India blocks Supabase under Section 69A, Jio and Airtel users hit
A source says a ministry order under Section 69A blocked Supabase developer backends across multiple ISPs, leaving millions of Indian users and developers unable to reach .supabase.co.

A source familiar with the matter said India issued a blocking order on February 24 under Section 69A of the Information Technology Act that instructed internet providers to restrict access to Supabase’s developer infrastructure, producing patchy or complete loss of connectivity for users on Reliance Jio, Bharti Airtel, ACT Fibernet and other networks.
Supabase, the open-source backend platform used by many startups and independent developers, confirmed in status updates that its public site remained reachable but that a subset of users in India could not reach project backends. “We are currently aware of an issue affecting reachability of Supabase projects for a subset of users based in India. Supabase infrastructure remains fully operational,” the company said in a Feb. 26 status post, adding that its projects were reachable from regions outside India.
Supabase’s investigation, the company wrote, found that “a service provider in the region is not serving the correct DNS responses for Supabase projects from their internal DNS resolvers.” In a separate Feb. 27 update it urged affected customers to use alternative DNS providers or a VPN as interim fixes and suggested “for some customers, custom domains may also be a viable solution.” The status page listed specific DNS alternatives: Cloudflare (1.1.1.1), Google (8.8.8.8) and Quad9 (9.9.9.9).
On social media the company tagged India’s Union minister for electronics and information technology, Ashwini Vaishnaw, asking: “@AshwiniVaishnaw We have recently become aware that the domain is inaccessible to users across multiple Indian ISPs, including Jio, Airtel, and ACT Fibernet, due to a ministry order. Supabase is used by millions of developers worldwide, and millions of users in India are currently unable to access our platform due to these blocks. Could we talk to someone in your team about this?” Supabase later removed the public post but continued to publish status updates and technical guidance.
Developers in India reported immediate service disruptions consistent with a DNS- or ISP-level block. A community post in the Supabase forum summarized user reports: “Supabase backend access is currently restricted across multiple Indian ISPs. Confirmed issues: Auth failures; Database not responding; API endpoints (.supabase.co) unreachable; .supabase.co; Apps appear broken despite infrastructure being operational globally. This is not a Supabase outage. Access is being restricted at the ISP/DNS level inside India.”
The block carries economic and operational weight: data from Similarweb show India is Supabase’s fourth-largest source of traffic, accounting for roughly 9 percent of visits. The platform’s global traffic rose by more than 111 percent year over year to about 4.2 million visits in January; Indian visits increased roughly 179 percent to about 365,000 in the same month.

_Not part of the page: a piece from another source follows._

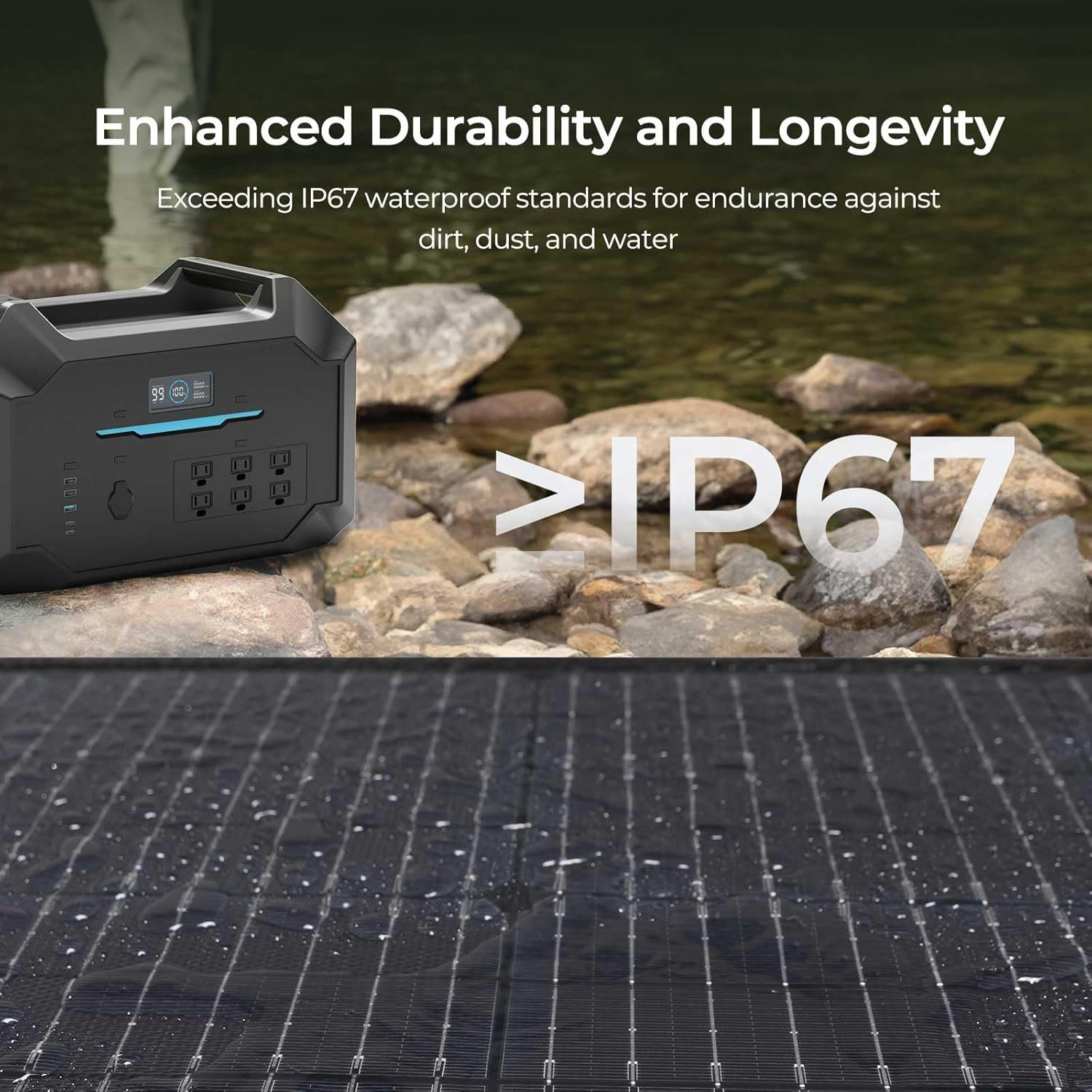 Renogy 400W Portable Solar Panel, Premium Materials for Decades of Use | Foldable Suitcase for Power Stations, Plug and Play with Sturdy Kickstand, IP67 Waterproof for RV Camping Off-Grid Blackouts - Image 5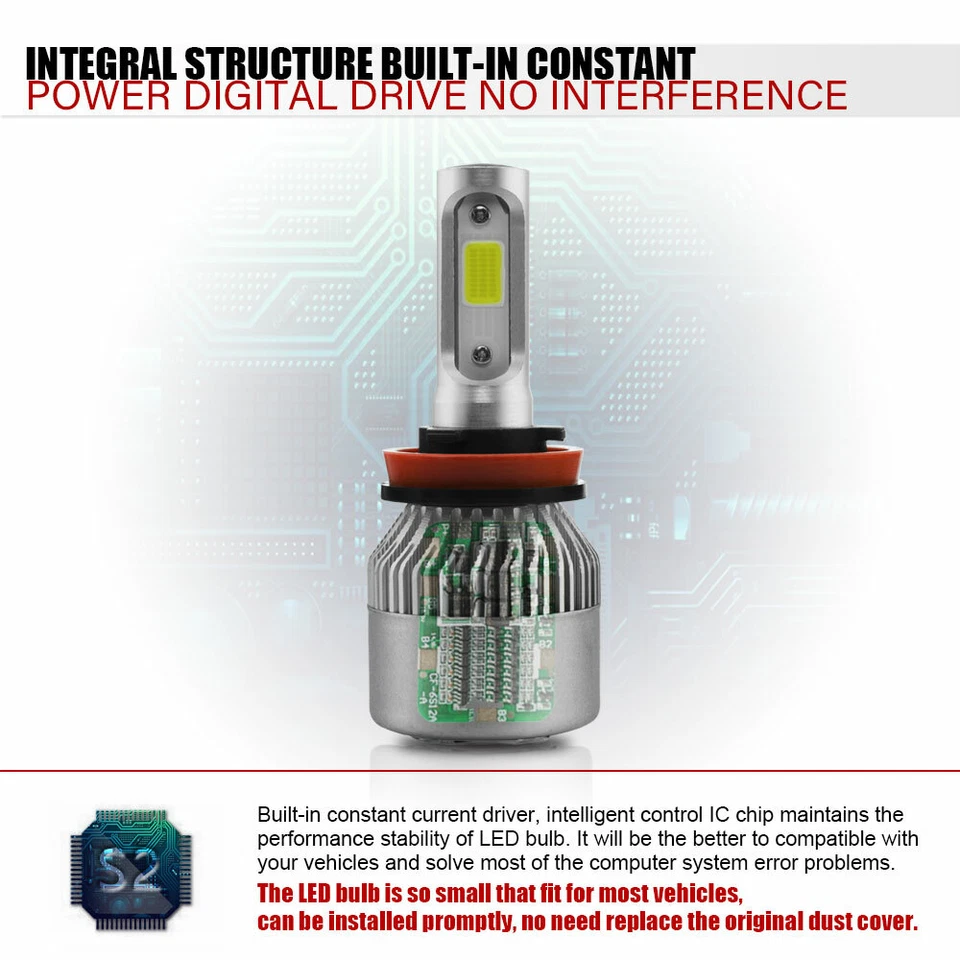 For Freightliner Cascadia 2008-2016 LED Headlight High Low Beam 4x Bulbs Combo - Image 3 of 4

The government has not publicly stated a reason for the ministry order, and it remains unclear whether the action is linked to cybersecurity, copyright or another issue. Civil liberties advocates warned the incident underscores broader risks for online services. “The incident highlights broader concerns about India’s website blocking regime,” said Raman Jit Singh Chima, Asia Pacific policy director at Access Now.
Supabase has asked users to report problems to their ISPs and to contact support for alternatives while it pursues resolution through multiple channels. Journalists and developers seeking clarity will be watching for the ministry order text, official confirmation from named ISPs, and technical traces that show whether the block targets *.supabase.co domains, specific IP addresses, or DNS responses from internal resolvers.